Compare and contrast
Giannandrea Poesio
Royal Ballet: Double Bill Royal Opera House
Theatre magic has a lot to do with the unpredictability of the performed event. Regardless of the alluring promise of an all-star cast or the doubts raised by daring artistic choices, there is no certain way to forecast what any live performance will be like. Indeed, it is this surprise/ disappointment factor that has kept me going for all the years I have spent both on stage and in front of it.
Last week I expressed some serious doubts about a Royal Ballet triple bill. The artistic flatness of the performances I saw impinged seriously on my desire to see more from the same company. But last Saturday I left the Royal Opera feeling in that very good mood so rarely experienced by critics.
Not unlike the previous triple bill, the new programme contrasts a 20th-century masterwork of American ballet history with a milestone of the British 20th-century repertoire. This time, instead of Serenade vs Homage to the Queen it is Jerome Robbins’s Dances at a Gathering (1969) vs Frederick Ashton’s The Dream (1964). Robbins’s 63-minute-long plotless ballet to piano music by Chopin, played with romantic gusto and abandon by Philip Gammon, used to be one of the Royal Ballet’s greatest hits in the golden days everyone raves about and claims to remember. I, too, recall those electrifying performances, but I am not willing to draw sterile comparisons; an art as ephemeral as ballet can be effectively evaluated only for what it is now and not in line with the illusory remains of inevitably fading memories. Unlike the Serenade performances I saw two weeks ago, Dances at a Gathering seems to have been restaged with unique care, stylistic finesse and, above all, great attention to the interpretative shadings. The first cast — Alina Cojocaru, Tamara Rojo, Laura Morera, Lauren Cuthbertson, Sarah Lamb, Johan Kobborg, Martin Harvey, Federico Bonelli, Sergei Polunin and José Martín — was simply superb. Each artist conveyed the ballet’s subtle palette of contrasting emotions in such a vibrant way that on several occasions the whole audience held their breath.
Jerome Robbins insisted that there were no hidden narratives in this series of pure dance numbers and that there was no character definition either — he went so far as to state all that in capital letters in a note sent to the editor of Ballet Review and, appropriately, it is reproduced in Zoë Anderson’s scholarly programme note for the Royal Ballet. Still, Robbins’s choreography is never fully abstract. The various combinations devised for the various sections create, more or less intentionally, a distinctive psychological make-up for the various roles — even though it is then up to their interpreters to develop their own responses to those subtly embedded directions.
Personally, I found the female contingent more theatrically effective than the male one, even though I enjoyed the humorous skirmishes between Kobborg and Harvey, Bonelli’s dashingly carefree attitude and Polunin’s intense lyricism.
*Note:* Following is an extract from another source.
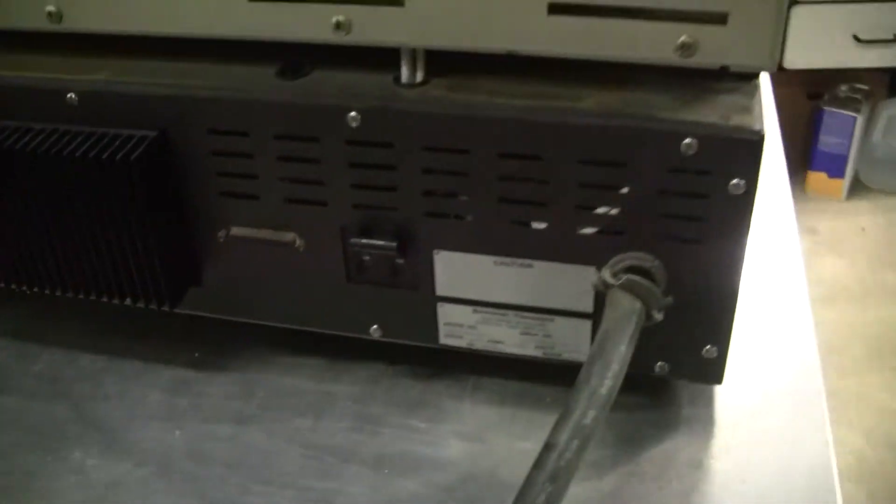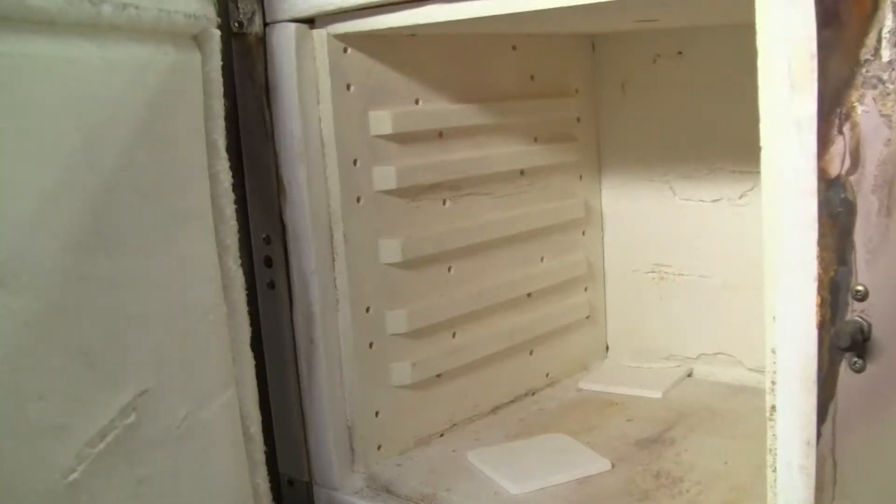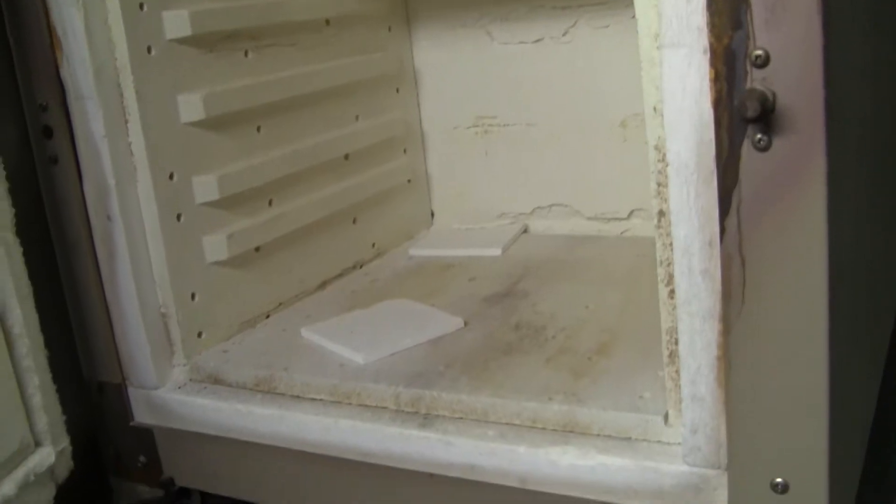It has a serial output for data in the back. Looking on the inside, it's going to get quite red, hopefully. Yes, there it is. Very hot.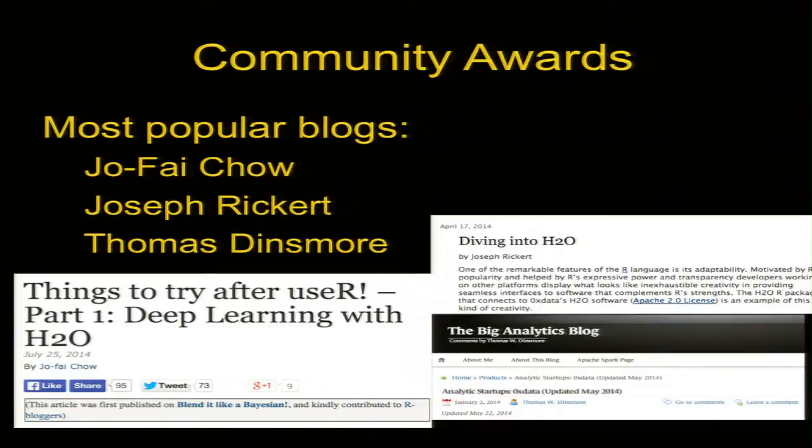Next up is popular blogs. Joe Fai Chow, who can't be here — he's in London — wrote one of the most popular blog posts about deep learning with H2O. He sent a long e-mail which I will publish to the H2O stream. Let me call to stage Joseph Rickert. His blog, 'Diving into H2O,' got one of our earliest recognitions of the product, and led to several other users taking the product and reblogging it. Joseph is a community person at Revolution Analytics and has kept the flag flying over the last half a decade. Congratulations.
Cojocaru sent me to heaven with her breathlessly sustained legatos, while Rojo captured my attention with her commanding elegance. Morera and Lamb were also brilliant, but I think that Cuthbertson is the one who deserves a special mention for her sparkling humorous performance.
I have written many times about The Dream so I will not reiterate how much I love this work, a true masterwork of narrative dance-making. The performance I saw on Saturday was fizzy, as the ballet ought to be, and elicited laughter where it should. I regret to report that Ludovic Ondiviela, a splendidly androgynous Puck, sustained a rather horrid-looking injury towards the end, seconds before that technically demanding section set to Mendelssohn’s scherzo. The curtain went down, but then Monica Mason, the artistic director of the Royal Ballet, announced that ‘another Puck’ had been found in the house. To make a début in those circumstances and at that particular point in the ballet is no easy task, but first artist James Wilkie caused a sensation as a truly daredevil goblin. As Oberon, Ivan Putrov confirmed his place once more as an ideal successor to Anthony Dowell, who created the role, moving fluidly from demanding passages to dreamy lyrical longheld poses. Roberta Marquez, as Titania, has the perfect physique du rôle, and the technical abilities. But she ought to remember that this is not a soubrette role and thus should tone down the flashy coquettishness she indulged in. Among the others, Rupert Pennefather, Johannes Stepanek, Cindy Jourdain and Laura McCulloch were flawless as the lovers and Bennet Gartside was ideal as Bottom. If it is an evening of good dance you are after, do not miss it.